Digitalization is becoming vital for healthcare systems. Hospital financing, supply chains, clinician training and patient-related processes are just some of the operations supported by applications that keep healthcare organizations running. As artificial intelligence becomes more prevalent in this changing environment, another question is being asked – how are healthcare organizations expected to use advanced technology while keeping their systems safe and information properly controlled? To Rakesh A, Senior Applications Systems Analyst, this question is closely related to the work on which he has built his career. He is experienced with healthcare applications and system analysis, application security, testing, user access, and process improvement.
At Dartmouth Health, Rakesh currently serves as a Senior Applications Systems Analyst, where he works with enterprise healthcare applications and financial systems integral to key organizational functions. His role involves analysing system workflows, researching issues, collaboration with IT and business teams, and assisting design and implementation of solutions. He also performs system testing and validates system releases to assist in ensuring financial workflow and related integrations function as expected after changes are made.
This project involves a significant aspect of security. Rakesh creates and applies role-based security settings by providing least privilege access. This helps users get access based on their needs. He also aids in the verification of financial information flowing between enterprise resource planning, reporting and data warehouse systems. The practical side of healthcare technology is seen with these tasks; they show that software alone doesn’t create dependable systems; careful access management, thorough testing, and precise data validation guarantee dependability.
Rakesh was earlier involved with supporting enterprise applications and learning management systems in the healthcare technology space. His experience incorporates platforms used for employee training, compliance monitoring, onboarding, and organizational development. He reviewed the human resource, compliance and organizational leadership use of training assignments, course information and completion records.
Testing, Reporting, Trouble shooting and access rights management were also conducted. Rakesh resolved issues with enrollment, completion and reporting by examining logs and user activities.
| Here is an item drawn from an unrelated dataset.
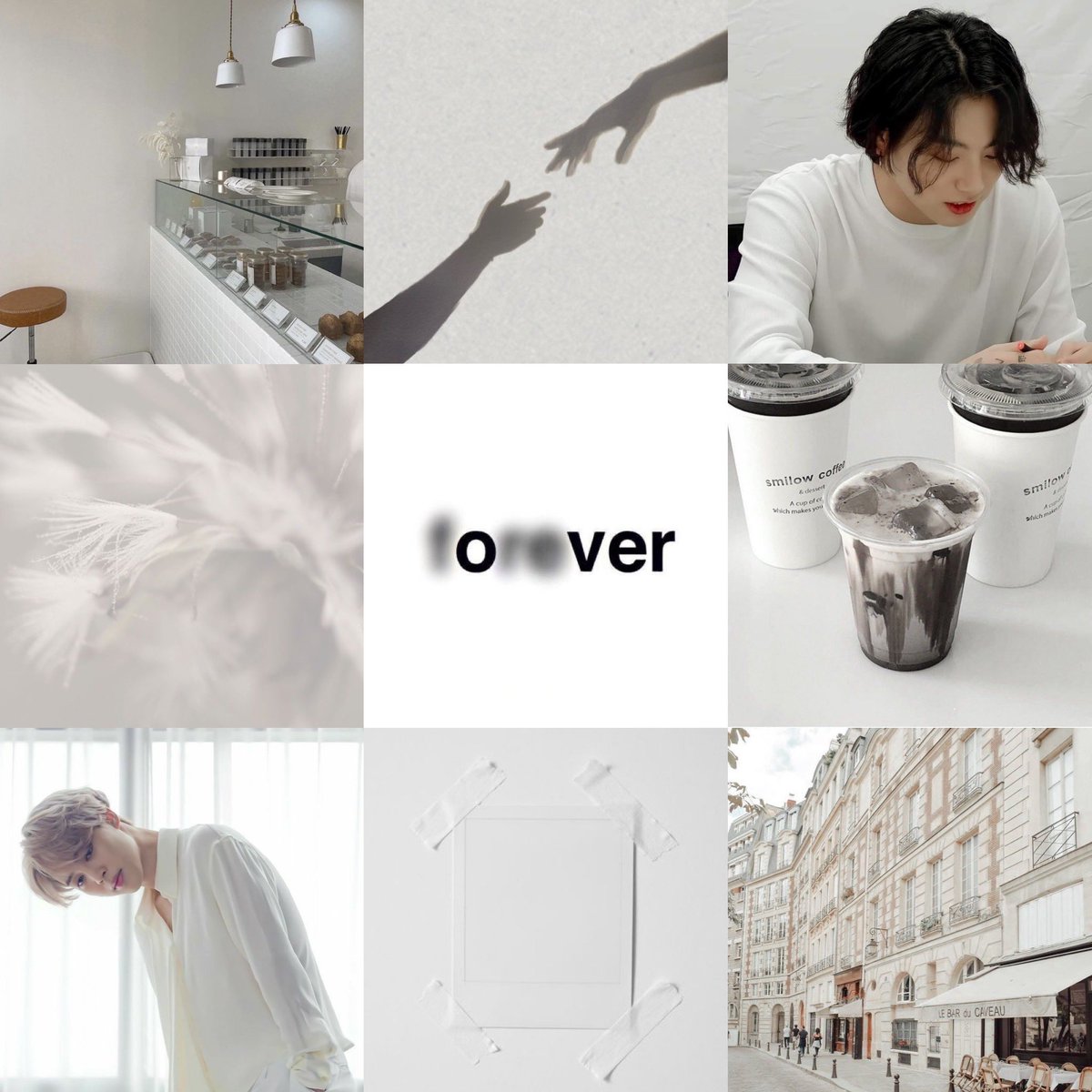 serowoonin's tweet photo. the night we met

- chapter 2

“I wish everything would get back to normal where Jimin is my fiance again and we’re living together with Bam and are planning a wedding,”

https://t.co/O7rndhHQOk https://t.co/Za7aqdmoCX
He worked with security teams to ensure employee training and credentialing data had the proper access controls. He worked with vendors on application issues and enhancement requests and prepared documentation and training materials for managers and departmental users.
Prior to taking on these responsibilities, Rakesh was engaged with healthcare application that supported purchasing, contracts, inventory, and supply-chain processes. The user was responsible for analyzing system problems, testing new versions, and working with users to understand the functional issues and translate them into application or process upgrades. Above all, user roles and authorizations were reviewed by him, together with system changes help check the production releases.
In these roles, a single theme is emerging: that we are learning how systems work and helping to ensure that they remain dependable as organizations rely on systems. His work has included improving the invoice authorization workflow and simplifying training and better inventory visibility. Albeit assignment for different departments and application areas, each one calls for attention to system performance, user requirement, security and accuracy.
This experience provides a pragmatic perspective while our healthcare organizations assess artificial intelligence. AI systems rely on the data and technology designed around them. If there is poor access control, if systems aren’t properly tested or if information is hard to verify, that can have an effect on things built on top of them. Due to this, security, trustworthy workflows, data validation, and responsible information handling loom large in the bigger healthcare AI picture.
The paper “Information Security and Federated Learning for Collaborative Healthcare Diagnosis” written by Rakesh shows that hospitals can pool their resources for the development of healthcare AI models while keeping patient data within the organization and not sharing it with others. The proposed federated learning framework retains medical imaging data within local hospital environments and only encrypted model updates are shared over secured channels.
The architecture of the framework is coordinator-client supported by Flower framework, FastAPI, Next.js. The study analyzes various approaches for combining model updates, including Federated Averaging, Federated Optimization, Federated Matched Averaging and a Performance Adaptive Weighted Aggregation approach. This paper investigates how more collaborative approaches to AI development might enable stronger controls over sensitive health information
The research brings another dimension to professional Rakesh. He focuses his career on managing health applications, controlling access, testing system changes, and improving workflows. His research looks at how healthcare organizations can collaborate on AI without unnecessarily sharing sensitive patient data. As healthcare technology progresses, these areas combine to point toward an increasingly important question: how can organizations receive the benefits of shared intelligence while maintaining the appropriate boundaries on sensitive data?
Rakesh has a suitable educational background for this work. He holds an Master of Science in Computer Science from Western Illinois University and a Bachelor in Computer Science Engineering Jawaharlal Nehru Technological University Hyderabad. His certifications include AWS Certified Cloud Practitioner, SnowPro Core, SnowPro Associate Platform, and Microsoft Certified Data Analyst Associate, along with additional training in Python and networking.
As AI and connected digital systems continue to permeate healthcare conversations, the inquiry will become less about what they can do. It will also encompass the management, testing, access, and protection of such data types. Rakesh’s experience is a reflection of this reality. His professional work and research convey the message that the future of healthcare AI will not solely consist of creating new models. Rather, it will involve building secure, reliable, and well-managed systems that allow models to be used safely across healthcare environments.